How to delete all but certain values from many JSON files?
I've used youtube-dl
to download all my videos from Youtube. With these, are created a JSON file for each video file. inside these JSON files is a LOT of junk. but there are 3 items/values/categories(?) that i want to keep, the rest can be deleted.
Those things are
{"upload_date": "value",
"fulltitle": "value",
"description": "value"}
So I either need to:
- delete all but these 3 items & save the file, or
- extract these 3 items to a new file & delete the old one.
How can I do this with Automator or with shell tools in Terminal?

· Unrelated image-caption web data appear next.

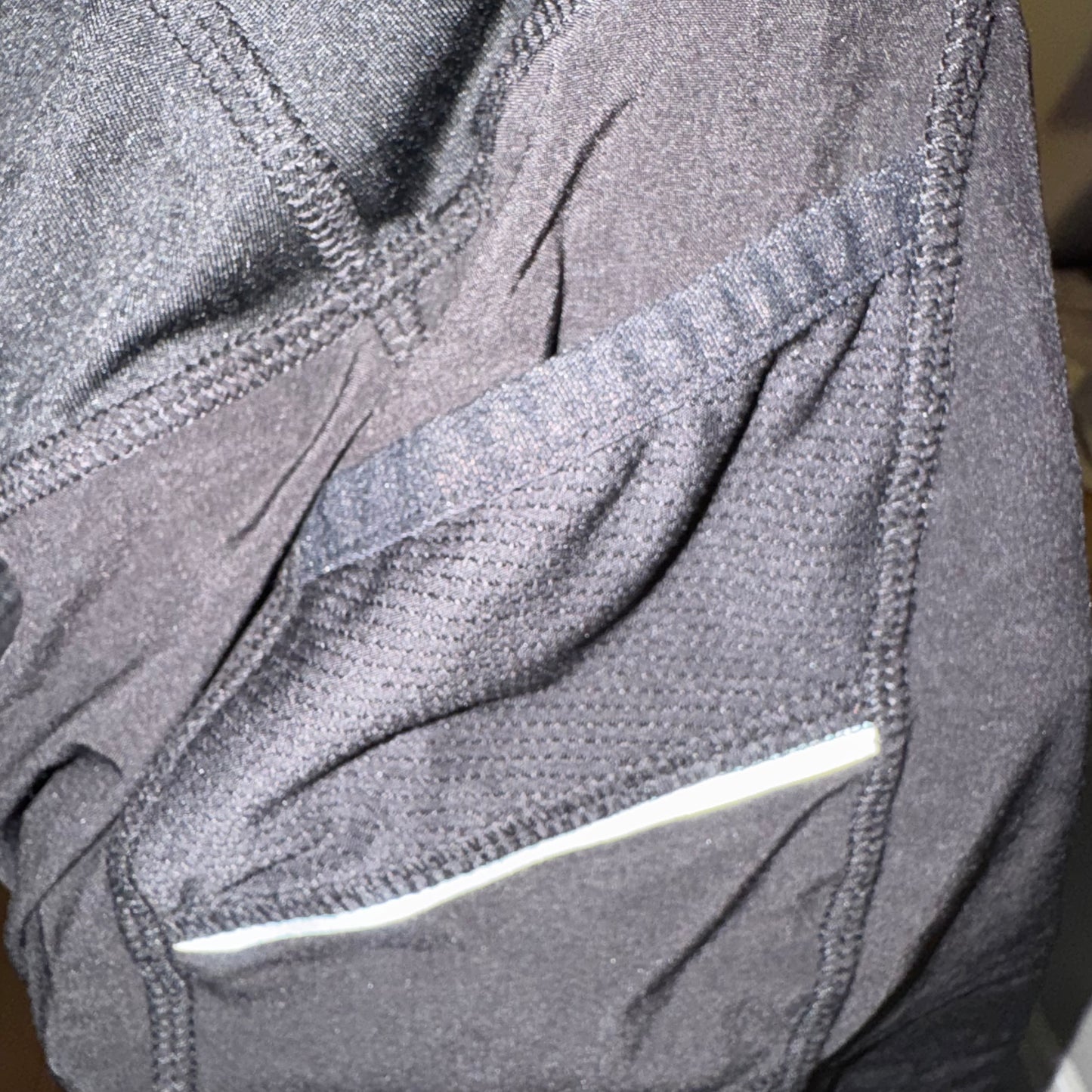 Athleta ready set go shorts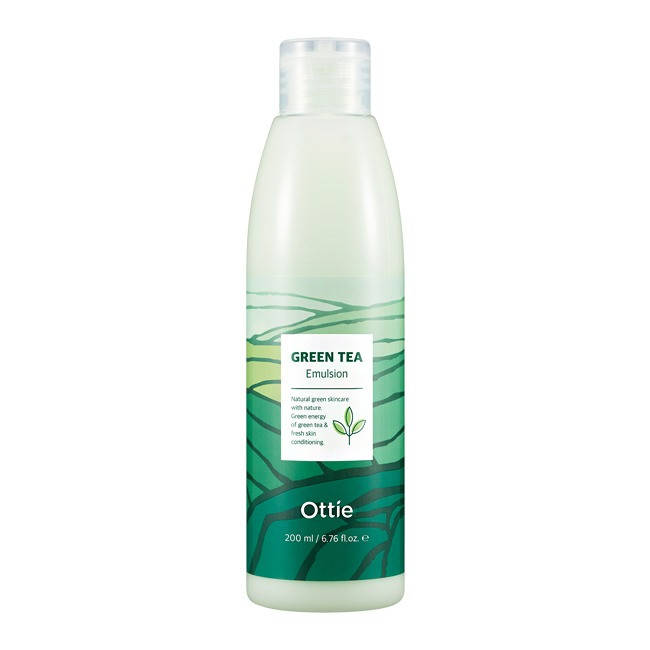 

Эмульсия с зеленым чаем Ottie Green Tea Emulsion, 200 мл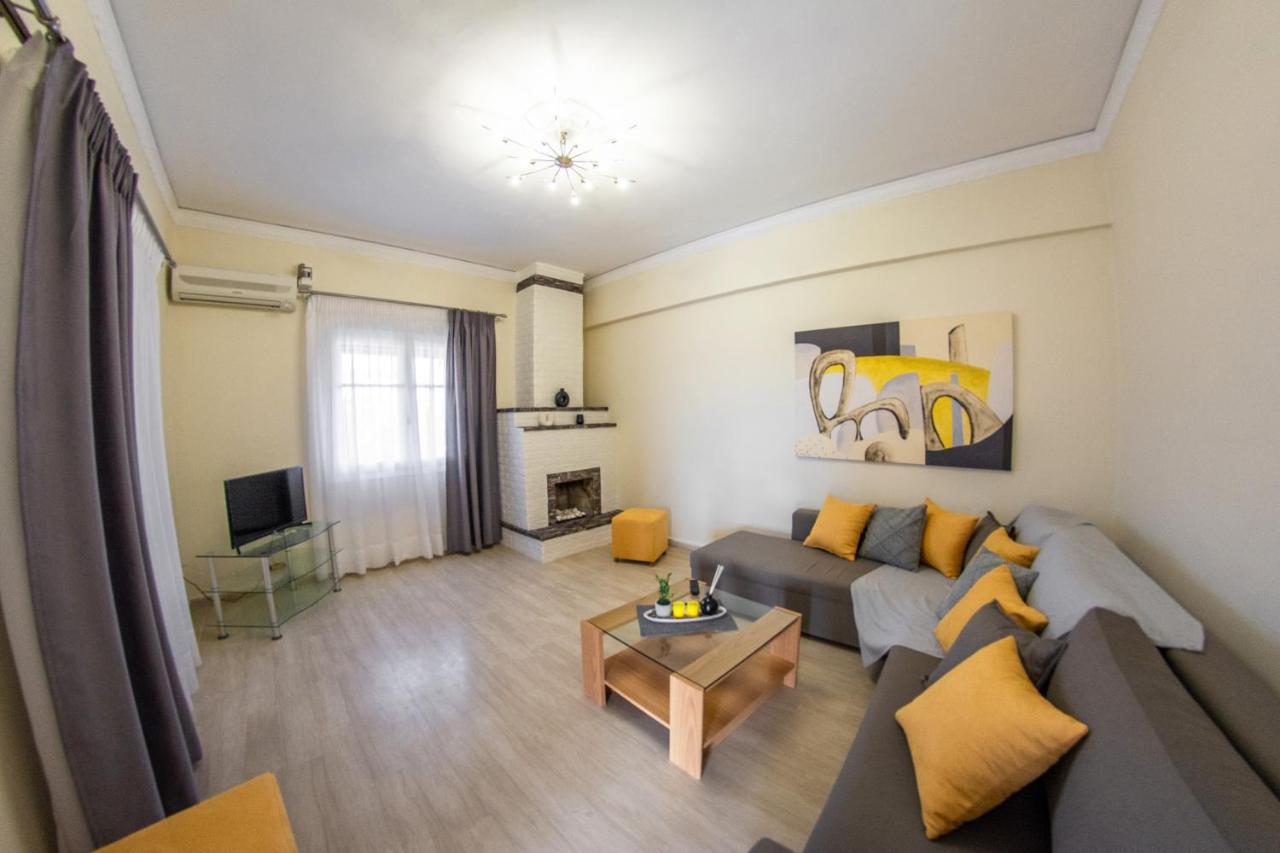 Eleonas Holiday Home Apartment Agios Stefanos Avliotes (Corfu) Exterior foto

Here is one of the ways I would do it...
The following was tested and worked for me under macOS Catalina 10.15.6.
I downloaded jq
from https://stedolan.github.io/jq/download/ under the OS X section:
- jq 1.6 binary for 64-bit
In Terminal, I ran the following commands:
cd ~/Downloads
xattr -d com.apple.quarantine jq-osx-amd64
sudo cp jq-osx-amd64 /usr/local/bin/jq
sudo chmod 0755 /usr/local/bin/jq
• Note: If /usr/local/bin
does not already exist, it must first be created with e.g.: sudo mkdir -p /usr/local/bin
The aforementioned steps have now set up jq
for use from the command line in Terminal, or from a Run Shell Script action in Automator, or a do shell script
command using AppleScript.
Downloading a video from YouTube with youtube-dl
using the --write-info-json
option, I then used the example shell script code, shown below, in a Run Shell Script action in an Automator workflow as a Service/Quick Action to process the JSON file so it would only have the keys you've mentioned.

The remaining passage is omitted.